DATA PROVIDED
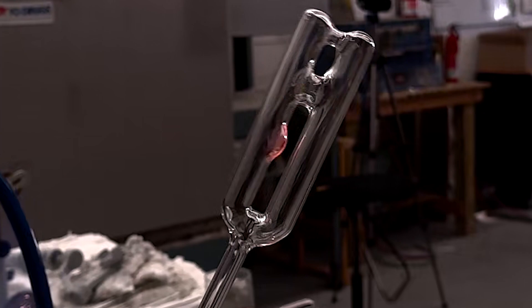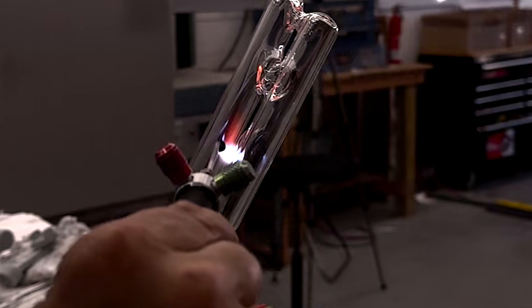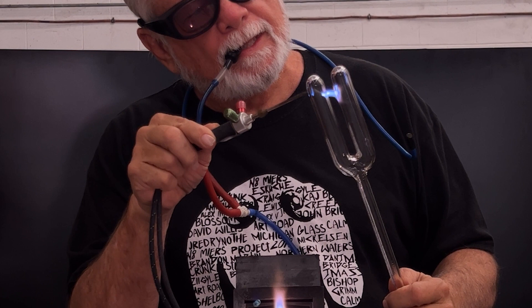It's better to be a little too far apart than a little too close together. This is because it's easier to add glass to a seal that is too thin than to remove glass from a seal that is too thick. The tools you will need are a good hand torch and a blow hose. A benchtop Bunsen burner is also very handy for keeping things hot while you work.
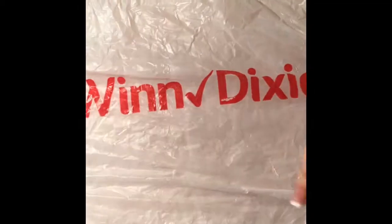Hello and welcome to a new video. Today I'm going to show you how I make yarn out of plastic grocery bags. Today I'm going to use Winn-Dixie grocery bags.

---

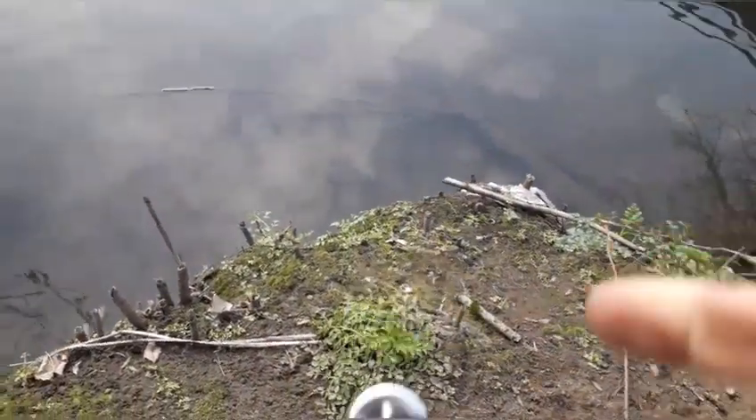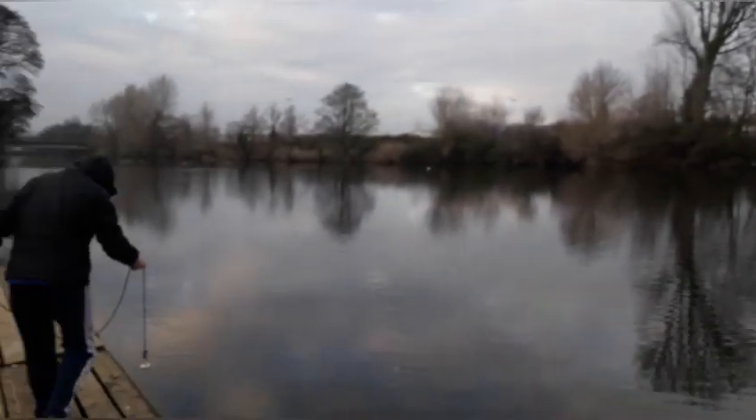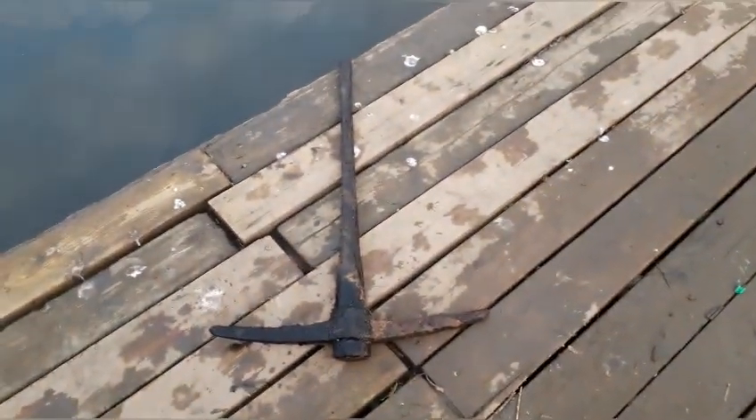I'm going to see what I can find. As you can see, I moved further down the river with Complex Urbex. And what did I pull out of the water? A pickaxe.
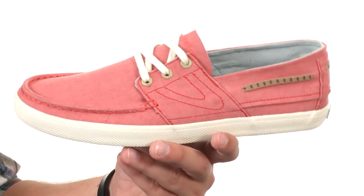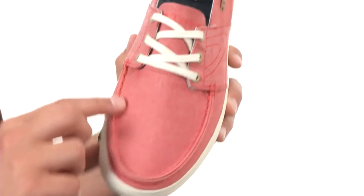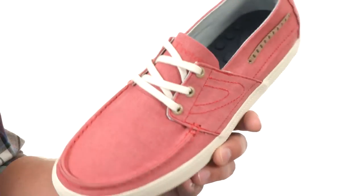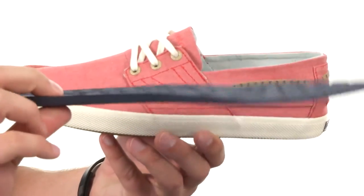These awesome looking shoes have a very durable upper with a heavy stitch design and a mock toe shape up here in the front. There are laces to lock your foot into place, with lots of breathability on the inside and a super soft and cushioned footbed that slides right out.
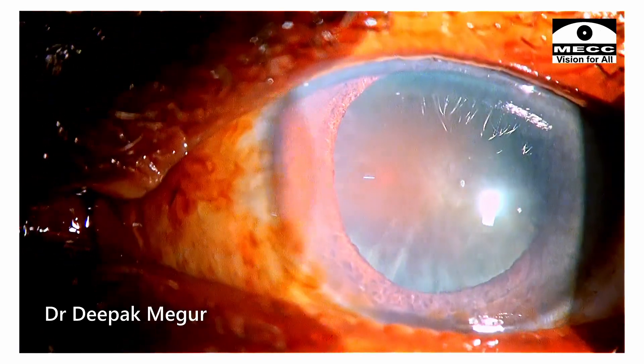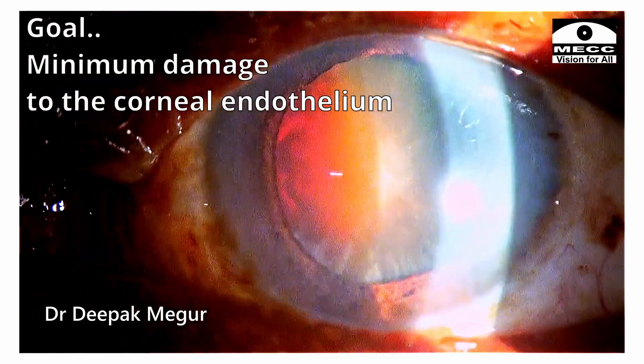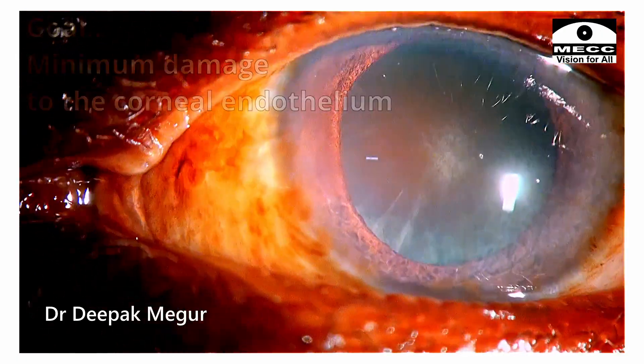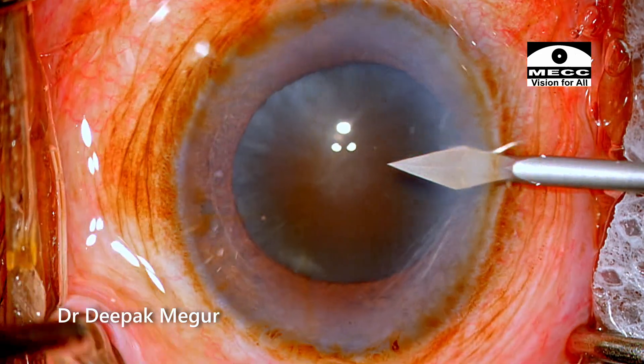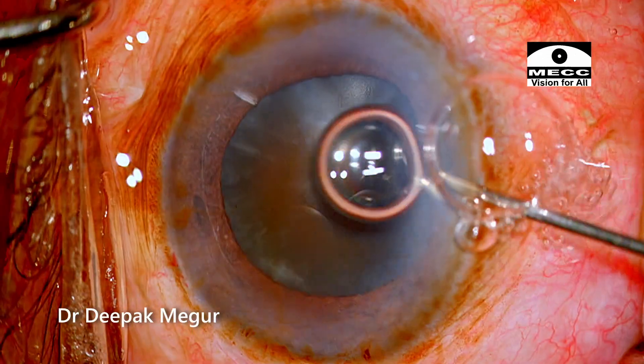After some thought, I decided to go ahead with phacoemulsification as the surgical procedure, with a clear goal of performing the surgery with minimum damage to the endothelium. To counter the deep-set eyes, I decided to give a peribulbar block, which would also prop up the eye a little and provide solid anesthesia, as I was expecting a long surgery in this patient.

WHAT TO PRODUCE
Copy only the lines above from the one containing "It's better to" through the one containing "Hello and welcome", both included. Leave out the pictures.

ANSWER SPACE
It's better to be a little too far apart than a little too close together. This is because it's easier to add glass to a seal that is too thin than to remove glass from a seal that is too thick. The tools you will need are a good hand torch and a blow hose. A benchtop Bunsen burner is also very handy for keeping things hot while you work.
Hello and welcome to a new video. Today I'm going to show you how I make yarn out of plastic grocery bags. Today I'm going to use Winn-Dixie grocery bags.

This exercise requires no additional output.